The records below must be transcribed exactly. Do not include the pictures.

Image-caption web data
____

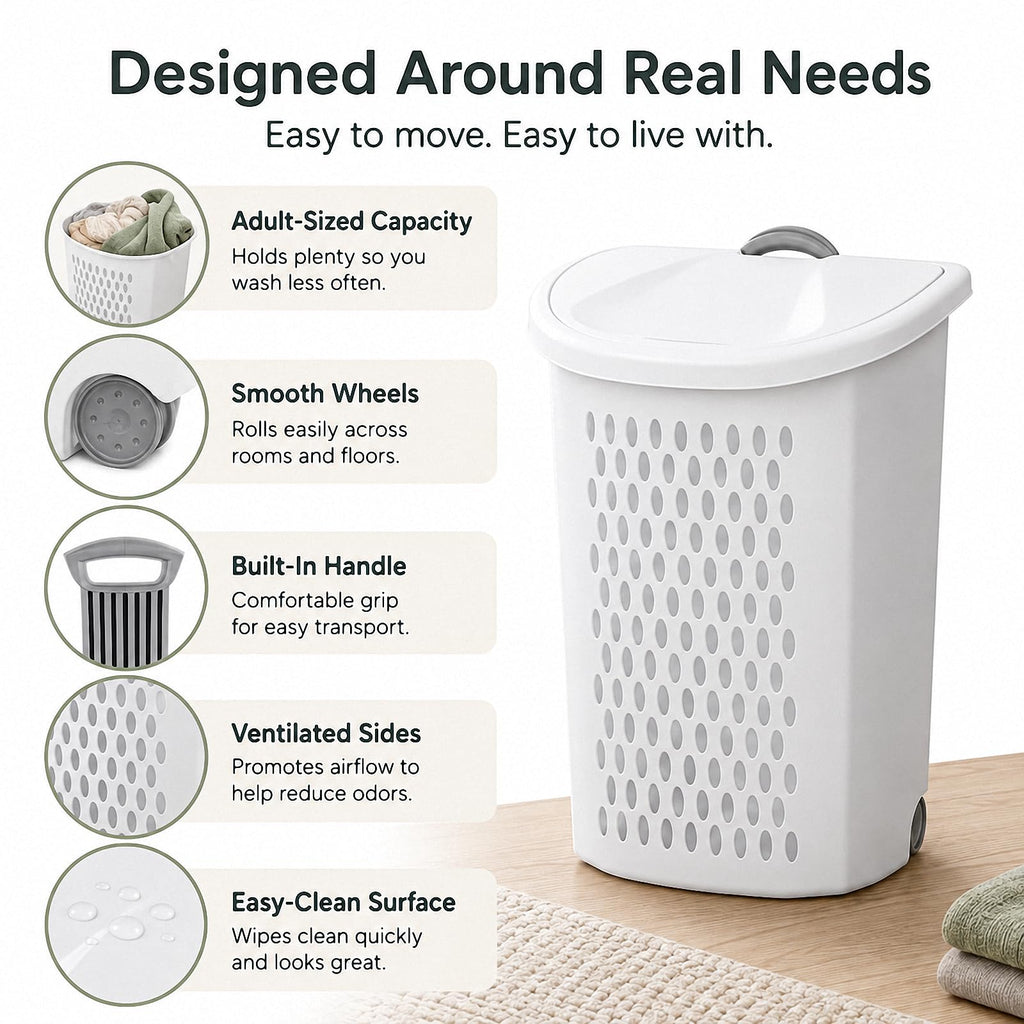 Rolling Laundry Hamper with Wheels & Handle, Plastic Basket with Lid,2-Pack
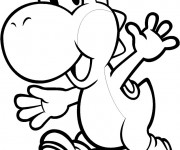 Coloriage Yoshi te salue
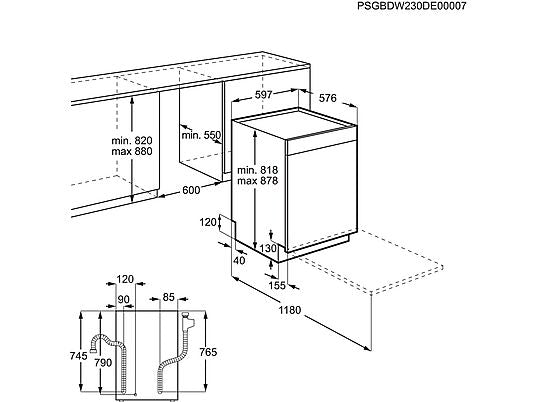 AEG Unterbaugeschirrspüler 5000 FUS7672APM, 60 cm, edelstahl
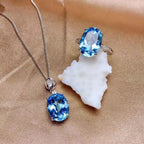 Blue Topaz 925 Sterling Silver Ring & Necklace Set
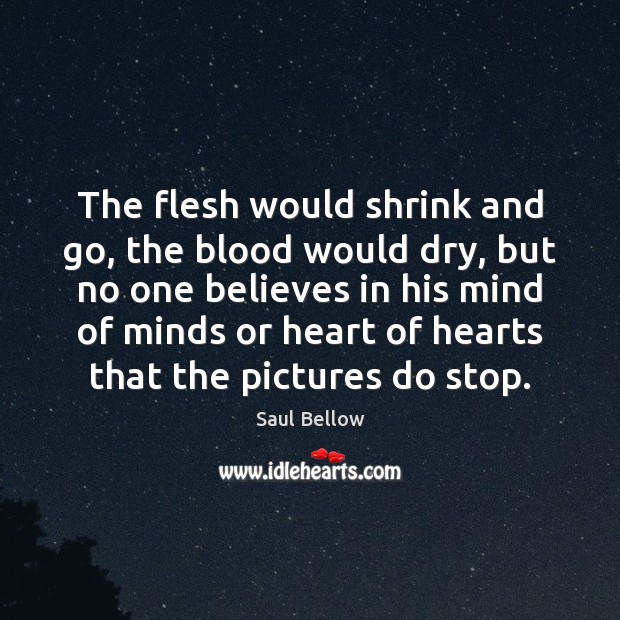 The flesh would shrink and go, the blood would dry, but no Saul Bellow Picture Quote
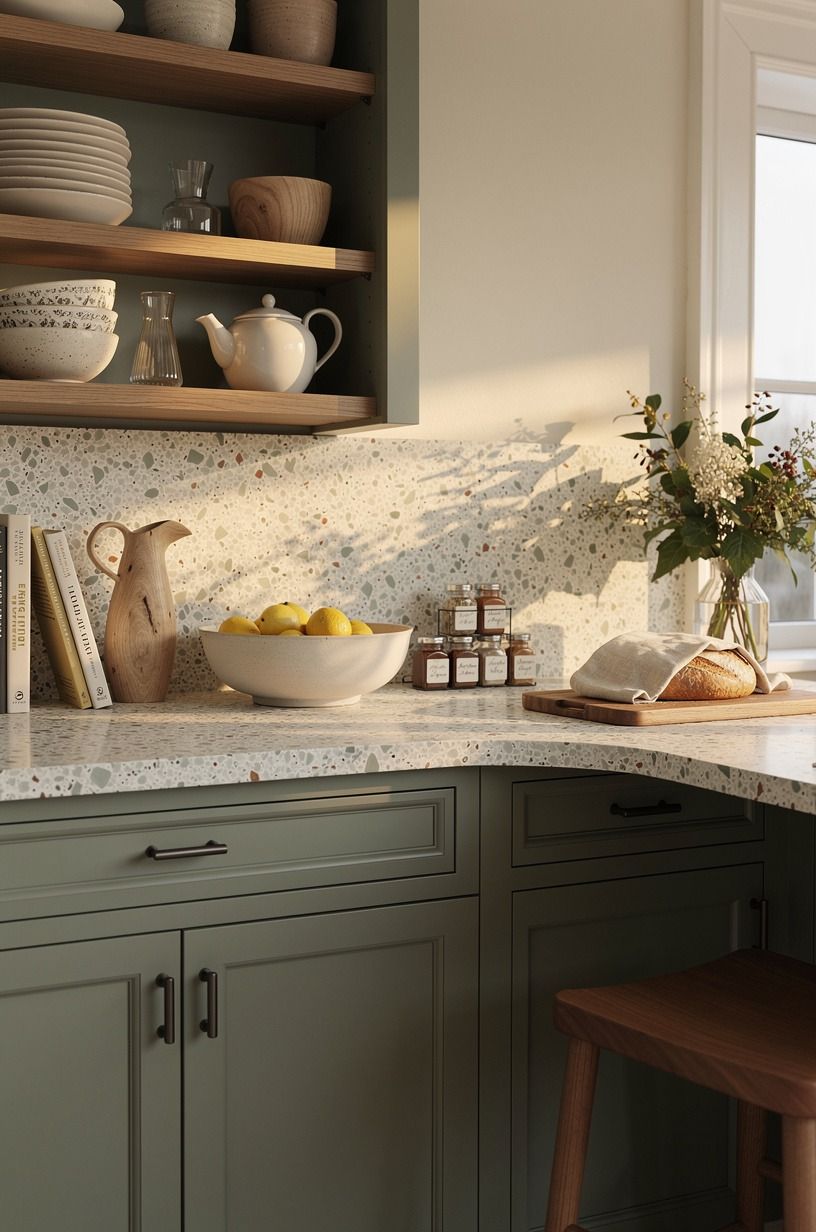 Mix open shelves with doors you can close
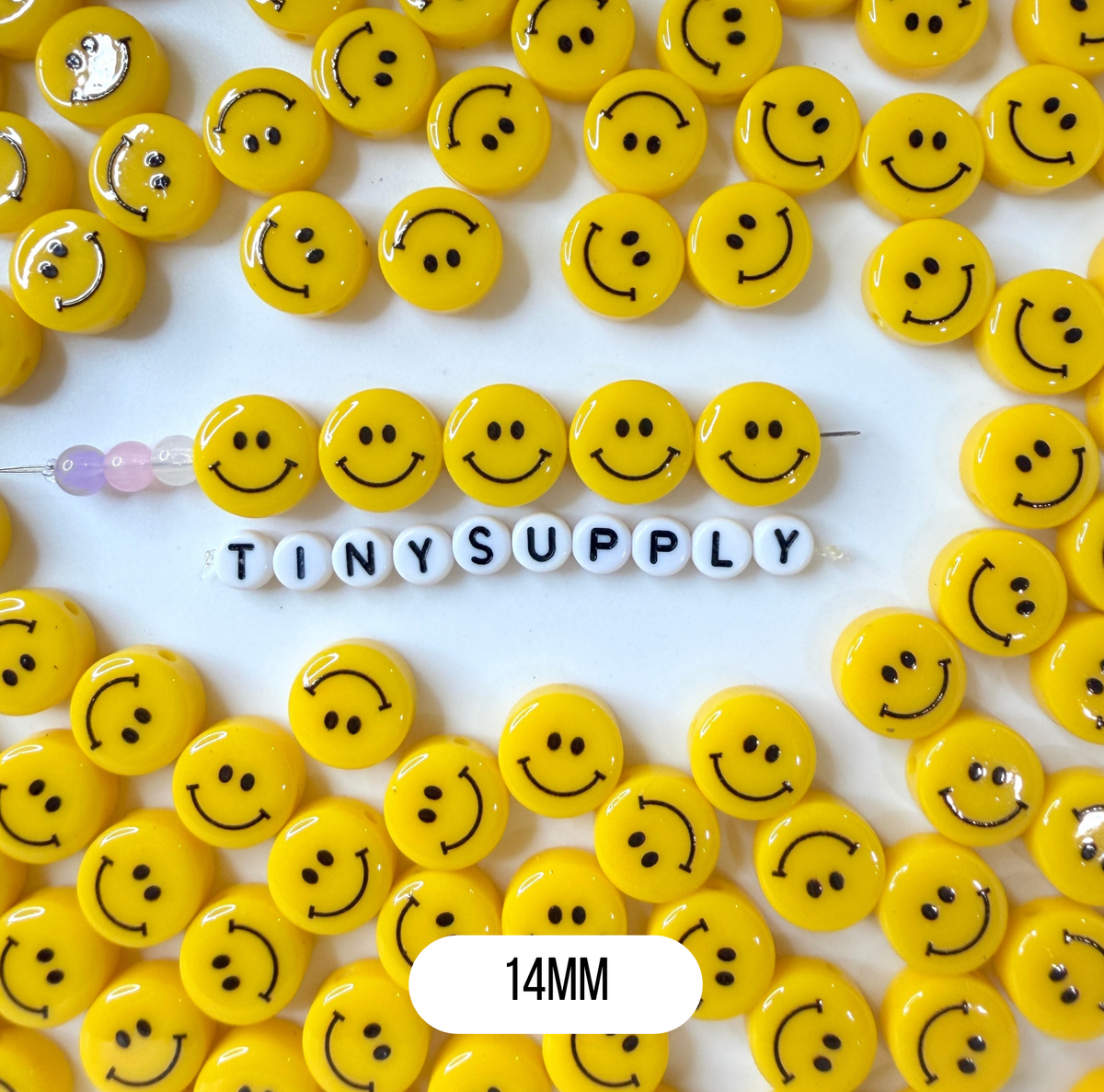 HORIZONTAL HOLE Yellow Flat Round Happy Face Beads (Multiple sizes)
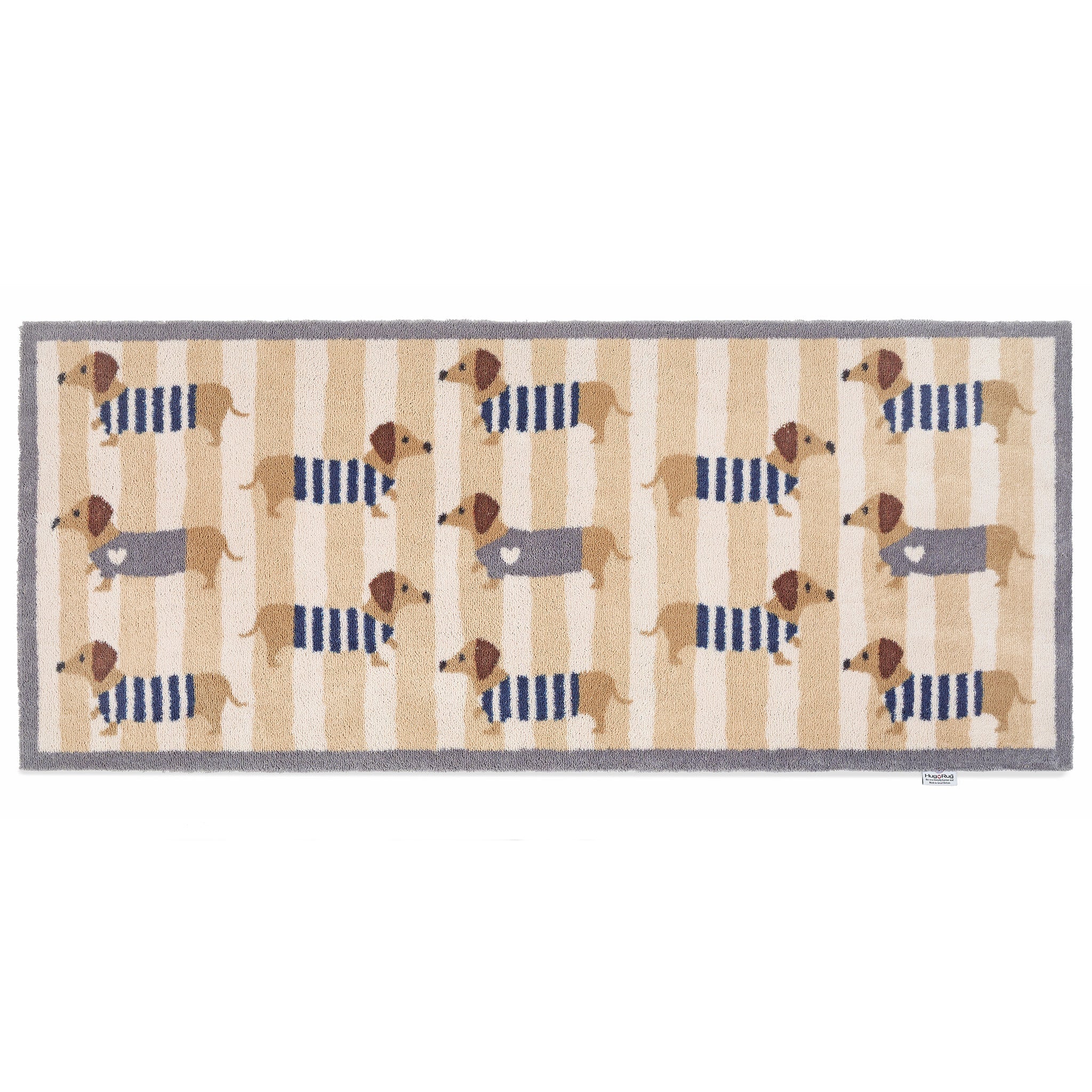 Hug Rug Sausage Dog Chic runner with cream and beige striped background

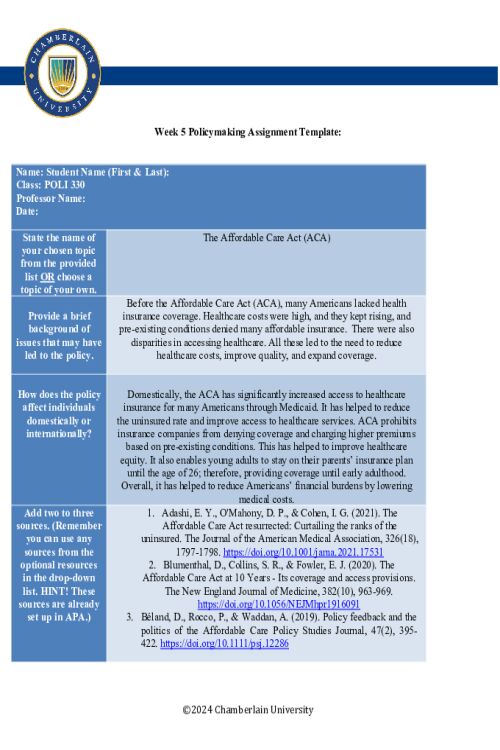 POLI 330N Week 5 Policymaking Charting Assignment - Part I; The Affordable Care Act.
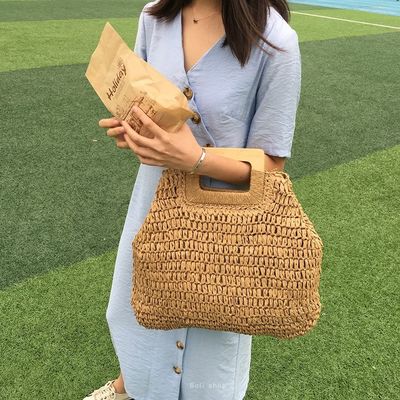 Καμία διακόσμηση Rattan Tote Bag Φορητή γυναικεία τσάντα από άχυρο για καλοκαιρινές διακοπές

____

**Task output**
 Rolling Laundry Hamper with Wheels & Handle, Plastic Basket with Lid,2-Pack
 Coloriage Yoshi te salue
 AEG Unterbaugeschirrspüler 5000 FUS7672APM, 60 cm, edelstahl
 Blue Topaz 925 Sterling Silver Ring & Necklace Set
 The flesh would shrink and go, the blood would dry, but no Saul Bellow Picture Quote
 Mix open shelves with doors you can close
 HORIZONTAL HOLE Yellow Flat Round Happy Face Beads (Multiple sizes)
 Hug Rug Sausage Dog Chic runner with cream and beige striped background

 POLI 330N Week 5 Policymaking Charting Assignment - Part I; The Affordable Care Act.
 Καμία διακόσμηση Rattan Tote Bag Φορητή γυναικεία τσάντα από άχυρο για καλοκαιρινές διακοπές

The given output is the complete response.